GoogleスプレッドシートのVLOOKUPの使い方(やさしい実例つき)
VLOOKUPは専門的に聞こえますが、やっていることは私たちが手作業でいつもやっていることと同じです。「このリストからこの名前を探して、隣の数字を教えて」。そう捉えれば簡単です。この記事では、書き方、わかりやすい実例、そして遭遇しがちなエラーの直し方を紹介します。
VLOOKUPがやること
VLOOKUP=Vertical(垂直)ルックアップ。範囲の先頭の列を下方向に探し、見つかった同じ行の、右にある別の列から値を返します。
書き方
=VLOOKUP(検索キー, 範囲, 列番号, 並べ替え済み)
- 検索キー — 探したいもの(商品名やIDなど)。
- 範囲 — 探す対象のセル範囲。この範囲の先頭列が、VLOOKUPが探しに行く列です。

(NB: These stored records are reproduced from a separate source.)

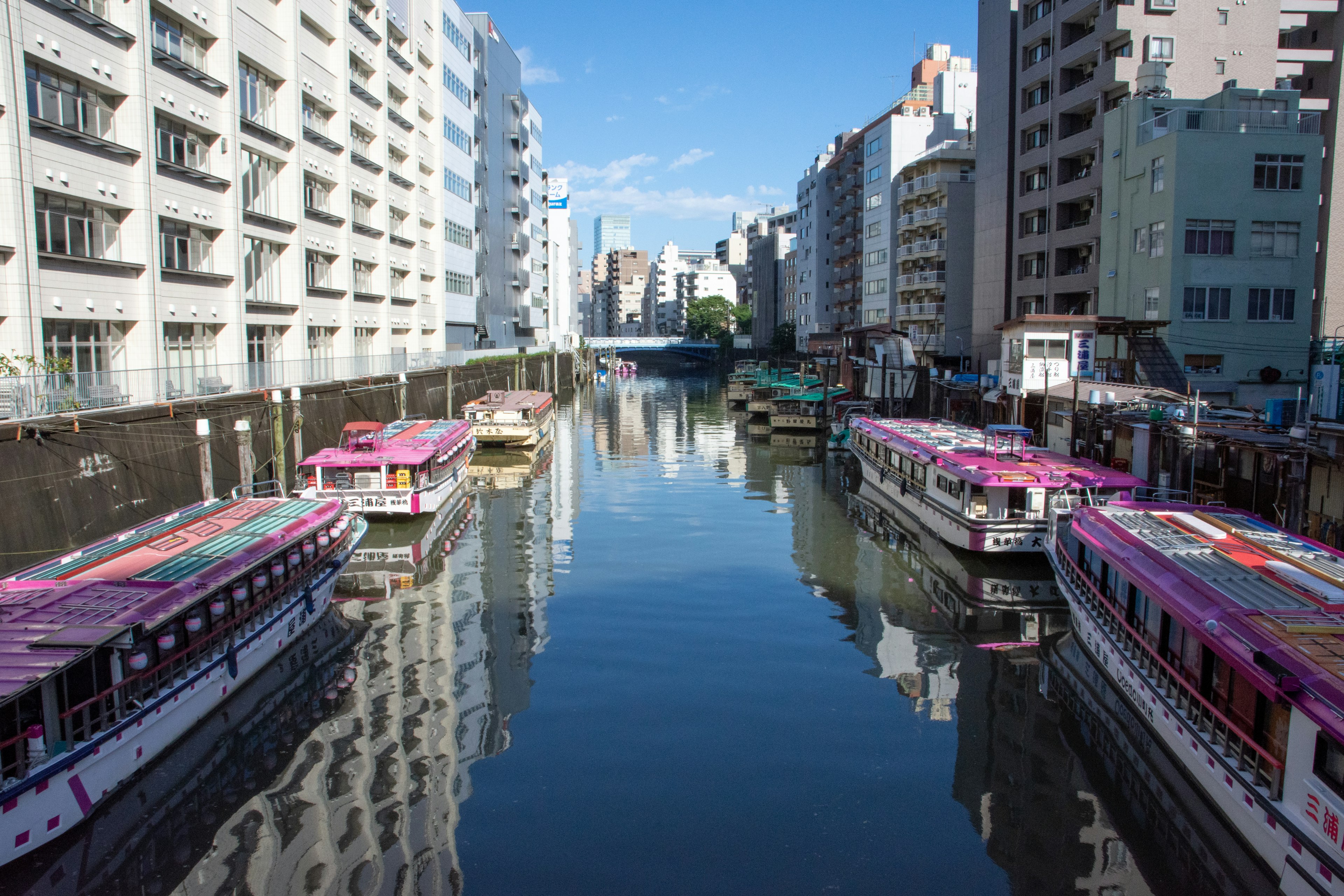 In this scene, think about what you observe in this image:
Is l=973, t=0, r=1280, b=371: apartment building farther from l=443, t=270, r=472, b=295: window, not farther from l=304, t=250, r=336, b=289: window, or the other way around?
l=304, t=250, r=336, b=289: window

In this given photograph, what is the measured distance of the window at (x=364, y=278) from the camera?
173 ft

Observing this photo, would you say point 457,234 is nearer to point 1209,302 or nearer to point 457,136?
point 457,136

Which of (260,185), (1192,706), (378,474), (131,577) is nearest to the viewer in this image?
(1192,706)

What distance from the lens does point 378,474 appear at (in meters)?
29.5

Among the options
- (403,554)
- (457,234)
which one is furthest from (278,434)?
(457,234)

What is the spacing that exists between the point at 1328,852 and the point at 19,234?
30.5m

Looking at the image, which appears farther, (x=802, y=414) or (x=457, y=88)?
(x=457, y=88)

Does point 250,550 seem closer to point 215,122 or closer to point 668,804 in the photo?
point 668,804

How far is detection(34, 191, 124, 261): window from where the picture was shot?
26141 mm

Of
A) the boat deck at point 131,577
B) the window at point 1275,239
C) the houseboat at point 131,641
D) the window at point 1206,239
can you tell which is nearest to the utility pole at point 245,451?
the boat deck at point 131,577

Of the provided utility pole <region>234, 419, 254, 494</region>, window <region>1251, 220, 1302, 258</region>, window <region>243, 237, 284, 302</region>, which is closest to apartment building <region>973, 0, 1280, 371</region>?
window <region>1251, 220, 1302, 258</region>

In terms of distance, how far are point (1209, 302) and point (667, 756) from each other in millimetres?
35694

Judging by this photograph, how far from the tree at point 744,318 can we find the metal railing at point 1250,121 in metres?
128

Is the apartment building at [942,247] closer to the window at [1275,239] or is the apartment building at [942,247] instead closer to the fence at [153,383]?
the window at [1275,239] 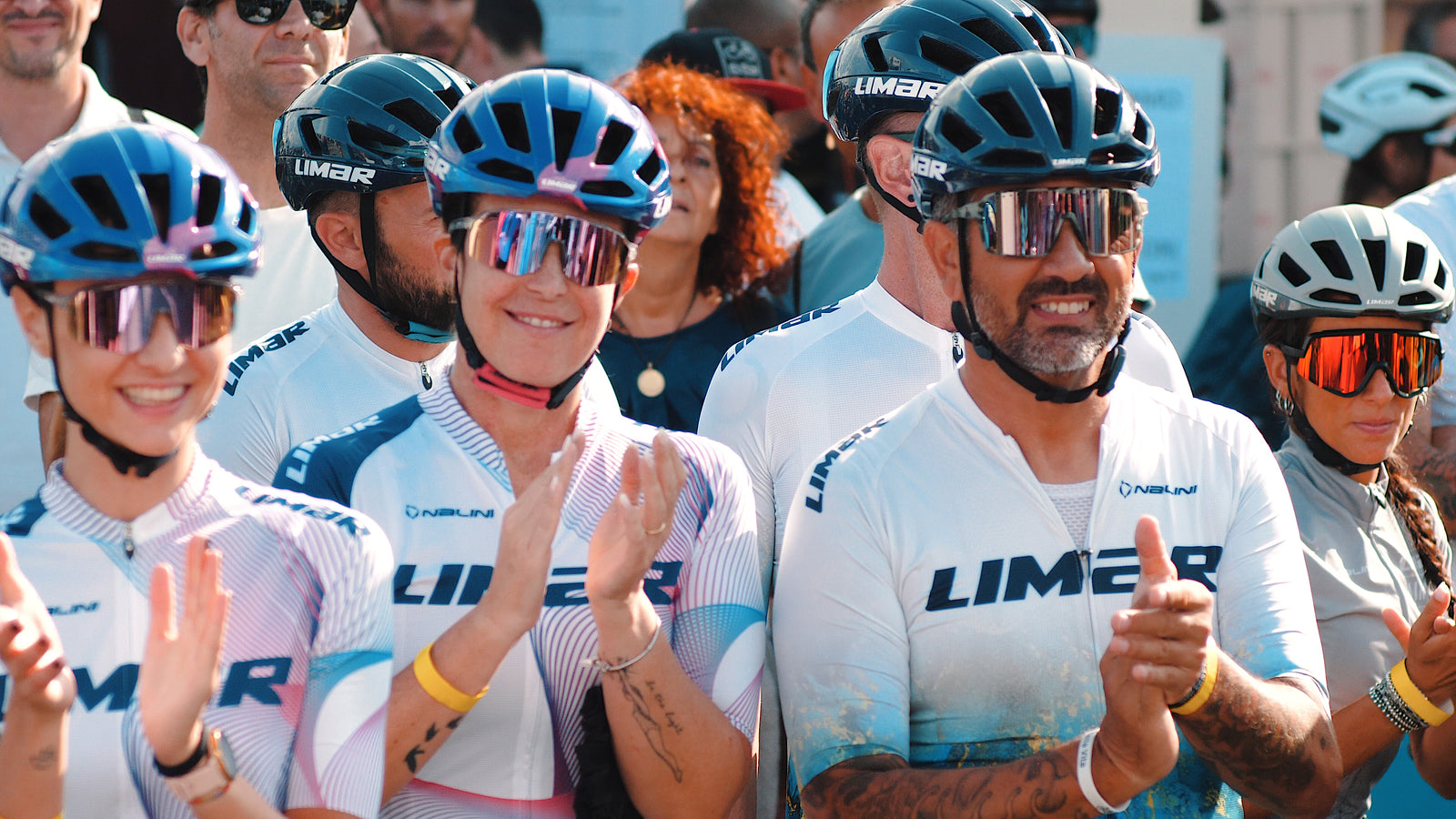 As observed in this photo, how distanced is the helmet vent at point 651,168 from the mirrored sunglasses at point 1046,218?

- 列番号 — 範囲の何列目を返すか。1から数えます。範囲が
A:CでC列が欲しいなら、列番号は3です。 - 並べ替え済み — ほぼ常に
FALSEと書きます。「完全一致で探す」という意味です。TRUEは並べ替え済みデータでの近似一致用で、初心者がつまずく原因になります。まずはFALSEから。
実例
A列とB列に価格表があるとします。
| A(商品) | B(価格) |
|---|---|
| りんご | 120 |
| バナナ | 50 |
| さくらんぼ | 300 |
別のセル D2 に商品名を入力し、その価格を E2 に出したいなら、
=VLOOKUP(D2, A:B, 2, FALSE)
読み方はこうです。「D2 にあるものを、A列を下に向かって探せ。見つかったら、範囲の2列目(つまりB列)の値を返せ。完全一致で。」D2 が バナナ なら、E2 は 50 を返します。
4つのエラーと直し方
#N/A — 値が見つからない。 検索キーが先頭列にありません。たいていは打ち間違い、余分なスペース、または「文字列として保存された数値」と「本当の数値」の食い違いです。キーを TRIM() で囲むか、書式を確認しましょう。

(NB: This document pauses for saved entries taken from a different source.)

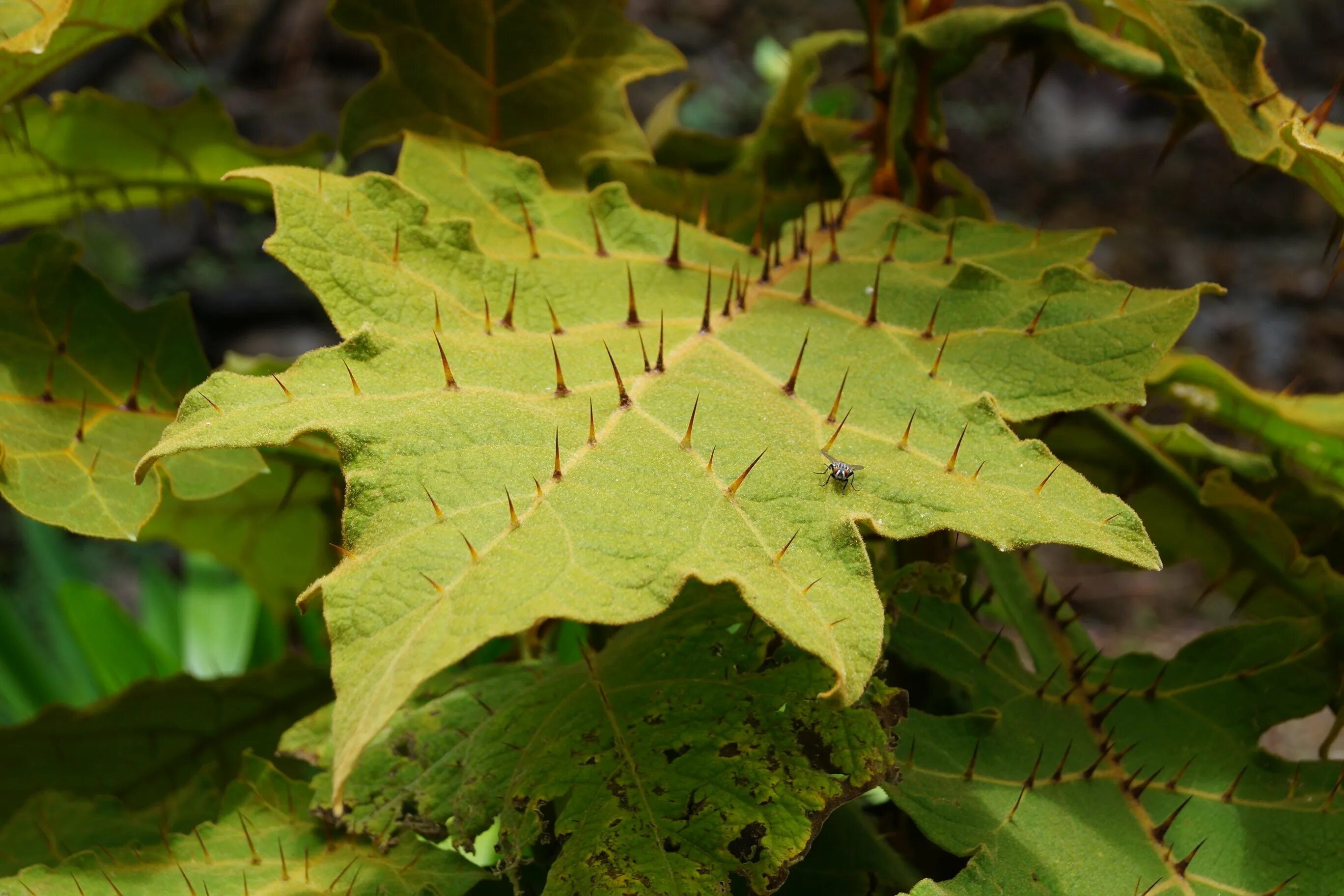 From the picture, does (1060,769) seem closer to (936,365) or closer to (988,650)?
(988,650)

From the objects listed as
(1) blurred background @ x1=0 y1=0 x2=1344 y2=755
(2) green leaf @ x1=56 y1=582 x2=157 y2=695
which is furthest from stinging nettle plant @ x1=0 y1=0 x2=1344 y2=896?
(1) blurred background @ x1=0 y1=0 x2=1344 y2=755

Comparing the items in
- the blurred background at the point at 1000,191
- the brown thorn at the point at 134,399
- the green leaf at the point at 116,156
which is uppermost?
the green leaf at the point at 116,156

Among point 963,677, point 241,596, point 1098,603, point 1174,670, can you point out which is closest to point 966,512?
point 963,677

違う列が返る。 列番号がずれています。列番号は範囲の中で1から数えることを思い出してください——スプレッドシートの列のアルファベットではありません。
#REF! — 列番号が大きすぎる。 3列の範囲に対して4列目を求めています。範囲を広げるか、列番号を下げましょう。
右にしか探せない。 VLOOKUPは検索列より右の列しか返せません。欲しい値が左にある場合、それが(下記の)XLOOKUPに切り替える一番の理由です。
$ で範囲を固定する
式を下方向にコピーするなら、範囲がずれないよう固定します。
=VLOOKUP(D2, $A:$B, 2, FALSE)
$ 記号は範囲を固定したまま、検索キー(D2)は各行に合わせて動きます。
XLOOKUPを使うべき場面
GoogleスプレッドシートにはXLOOKUPもあり、より柔軟です。
=XLOOKUP(D2, A:A, B:B)
検索列と返す列を別々に指定するので、左でも右でも探せて、初期設定が完全一致で、「見つからないとき」のメッセージも設定できます。ゼロから作るならXLOOKUPのほうがすっきりしていることが多いです——ただしVLOOKUPは既存のシートに無数にあるので、両方知っておく価値があります。
まとめ
- 範囲の先頭列がVLOOKUPの探す場所。
- 列番号は範囲の中で1から数える。
- 完全一致には
FALSE。 - コピーするときは
$で範囲を固定。 - 左を探したい・つまずきを減らしたいならXLOOKUP。
上の例を空のシートに貼って数字を変えてみれば、5分で身につきます。